━━━ EXERCISE DATA

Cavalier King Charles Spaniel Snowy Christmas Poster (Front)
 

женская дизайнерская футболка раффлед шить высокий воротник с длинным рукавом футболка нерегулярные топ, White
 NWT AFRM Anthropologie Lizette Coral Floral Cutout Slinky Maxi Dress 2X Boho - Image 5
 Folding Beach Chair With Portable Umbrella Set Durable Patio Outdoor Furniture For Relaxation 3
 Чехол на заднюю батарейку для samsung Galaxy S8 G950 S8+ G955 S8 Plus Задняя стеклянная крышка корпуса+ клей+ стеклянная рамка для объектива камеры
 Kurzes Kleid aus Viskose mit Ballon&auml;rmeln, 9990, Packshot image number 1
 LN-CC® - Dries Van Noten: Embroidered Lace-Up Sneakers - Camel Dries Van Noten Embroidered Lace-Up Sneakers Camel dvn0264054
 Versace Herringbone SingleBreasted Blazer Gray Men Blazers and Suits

━━━━━━

■ **EXERCISE REQUIREMENTS**: Repeat the line containing "Kurzes Kleid aus" and all subsequent lines through the final line of the data, exactly and with no others.

■ **REPLY**:
 Kurzes Kleid aus Viskose mit Ballon&auml;rmeln, 9990, Packshot image number 1
 LN-CC® - Dries Van Noten: Embroidered Lace-Up Sneakers - Camel Dries Van Noten Embroidered Lace-Up Sneakers Camel dvn0264054
 Versace Herringbone SingleBreasted Blazer Gray Men Blazers and Suits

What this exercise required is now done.